A admissibilidade do recurso previsto na alínea b) do n.º 1 do artigo 70º da Lei
do Tribunal Constitucional - o interposto pela recorrente - pressupõe,
nomeadamente, não só que a questão de constitucionalidade normativa tenha sido
suscitada perante o Tribunal que proferiu a decisão recorrida, mas também que a
decisão recorrida tenha efectivamente aplicado, como ratio decidendi, a norma
cuja constitucionalidade a recorrente pretende ver apreciada.

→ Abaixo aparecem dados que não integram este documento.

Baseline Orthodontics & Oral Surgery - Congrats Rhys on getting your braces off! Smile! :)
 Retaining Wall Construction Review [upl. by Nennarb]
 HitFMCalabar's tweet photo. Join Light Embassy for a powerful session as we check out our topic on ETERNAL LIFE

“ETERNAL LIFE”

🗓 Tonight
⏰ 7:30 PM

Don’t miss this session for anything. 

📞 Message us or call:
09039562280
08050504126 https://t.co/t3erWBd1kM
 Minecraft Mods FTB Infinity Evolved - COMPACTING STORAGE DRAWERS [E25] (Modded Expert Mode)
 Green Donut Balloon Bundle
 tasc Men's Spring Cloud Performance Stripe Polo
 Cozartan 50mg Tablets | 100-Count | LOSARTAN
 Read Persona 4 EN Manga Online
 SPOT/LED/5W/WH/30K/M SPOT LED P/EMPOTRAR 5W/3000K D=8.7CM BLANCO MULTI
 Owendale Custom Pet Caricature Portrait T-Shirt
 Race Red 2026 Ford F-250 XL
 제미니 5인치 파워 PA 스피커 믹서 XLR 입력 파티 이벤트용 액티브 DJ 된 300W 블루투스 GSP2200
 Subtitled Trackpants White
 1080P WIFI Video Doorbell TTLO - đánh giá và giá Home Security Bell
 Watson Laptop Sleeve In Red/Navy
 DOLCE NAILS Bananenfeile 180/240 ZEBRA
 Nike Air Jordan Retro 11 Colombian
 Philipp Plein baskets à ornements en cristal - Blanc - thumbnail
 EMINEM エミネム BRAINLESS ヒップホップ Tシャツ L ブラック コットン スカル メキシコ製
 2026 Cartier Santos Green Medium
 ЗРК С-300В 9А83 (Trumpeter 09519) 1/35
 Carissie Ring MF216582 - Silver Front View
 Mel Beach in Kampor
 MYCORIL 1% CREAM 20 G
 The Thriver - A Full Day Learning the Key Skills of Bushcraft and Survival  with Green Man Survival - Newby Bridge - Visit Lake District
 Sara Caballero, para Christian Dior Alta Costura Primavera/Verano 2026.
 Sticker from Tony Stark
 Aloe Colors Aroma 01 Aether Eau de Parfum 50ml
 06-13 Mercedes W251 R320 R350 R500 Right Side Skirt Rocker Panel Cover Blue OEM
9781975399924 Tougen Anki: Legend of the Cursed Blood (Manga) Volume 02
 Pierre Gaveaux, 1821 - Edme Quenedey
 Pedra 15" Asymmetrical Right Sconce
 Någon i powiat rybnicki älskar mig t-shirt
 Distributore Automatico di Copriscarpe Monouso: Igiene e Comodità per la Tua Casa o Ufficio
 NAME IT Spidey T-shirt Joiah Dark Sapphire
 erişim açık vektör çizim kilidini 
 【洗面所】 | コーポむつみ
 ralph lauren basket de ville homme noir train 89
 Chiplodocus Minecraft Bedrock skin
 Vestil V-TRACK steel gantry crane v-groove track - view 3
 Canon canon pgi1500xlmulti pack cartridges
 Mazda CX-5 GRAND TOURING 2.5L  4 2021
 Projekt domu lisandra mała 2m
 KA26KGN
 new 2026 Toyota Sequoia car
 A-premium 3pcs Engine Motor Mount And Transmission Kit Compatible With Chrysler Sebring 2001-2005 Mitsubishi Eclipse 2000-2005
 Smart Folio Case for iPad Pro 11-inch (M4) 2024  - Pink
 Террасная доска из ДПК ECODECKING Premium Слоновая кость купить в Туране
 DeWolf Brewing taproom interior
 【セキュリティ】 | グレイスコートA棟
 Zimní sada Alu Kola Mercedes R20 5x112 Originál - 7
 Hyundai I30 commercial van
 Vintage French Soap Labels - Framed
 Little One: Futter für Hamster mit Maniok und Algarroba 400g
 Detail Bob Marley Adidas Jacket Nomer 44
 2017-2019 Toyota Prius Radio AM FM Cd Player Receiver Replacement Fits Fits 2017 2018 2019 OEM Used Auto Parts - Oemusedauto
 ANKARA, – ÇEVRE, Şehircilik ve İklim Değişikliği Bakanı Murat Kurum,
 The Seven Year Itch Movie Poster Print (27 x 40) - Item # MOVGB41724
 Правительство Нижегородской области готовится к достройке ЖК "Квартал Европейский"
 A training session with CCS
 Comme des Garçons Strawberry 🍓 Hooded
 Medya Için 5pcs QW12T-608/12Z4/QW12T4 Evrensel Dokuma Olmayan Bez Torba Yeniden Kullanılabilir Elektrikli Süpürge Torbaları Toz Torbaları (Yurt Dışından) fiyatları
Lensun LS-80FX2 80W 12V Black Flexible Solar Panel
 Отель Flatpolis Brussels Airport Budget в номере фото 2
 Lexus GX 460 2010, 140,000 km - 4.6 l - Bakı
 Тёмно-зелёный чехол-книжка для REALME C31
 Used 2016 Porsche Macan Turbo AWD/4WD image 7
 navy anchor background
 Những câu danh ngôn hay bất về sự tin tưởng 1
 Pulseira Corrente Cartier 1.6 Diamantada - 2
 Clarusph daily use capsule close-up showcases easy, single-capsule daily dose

No presente caso, a recorrente pretende ver apreciada, por alegada violação da
“garantia do direito à tutela judicial efectiva, art. 268°, n.º 4 da CRP”, a
norma constante do “art. 278° do CPPT na dimensão normativa encontrada pelo
acórdão recorrido – segundo a qual o conhecimento judicial da reclamação de
decisões proferidas pelo órgão da execução fiscal deverá ter subida diferida,
após a penhora e venda - em contravenção do princípio da tutela judicial em
tempo útil”. Acontece, porém, que, como vai sumariamente ver-se, é manifesto
que, no que respeita a qualquer dos acórdãos em relação aos quais se poderia
considerar ter a recorrente pretendido interpor o presente recurso, tal não
aconteceu.
Senão vejamos.
8.1. A recorrente, notificada do acórdão de 13 de Julho de 2005, veio interpor
recurso para este Tribunal. Admitindo-se que pretendia recorrer deste mesmo
acórdão, é óbvio e patente que tal aresto manifestamente não aplicou, como ratio
decidendi, a norma constante do “art. 278° do CPPT”. De facto, basta ler o seu
teor, que acima reproduzimos na parte relevante, para se concluir, sem margem
para qualquer discussão, que o mesmo se limitou a indeferir a reclamação
apresentada, por entender que, ao contrário do que é exigido pelo artigo 284º do
Código de Procedimento e de Processo Tributário, não existe oposição entre os
arestos em confronto, “nem sequer está em causa a mesma questão fundamental de
direito.”
Tanto basta para se concluir que deste recurso se não pode conhecer.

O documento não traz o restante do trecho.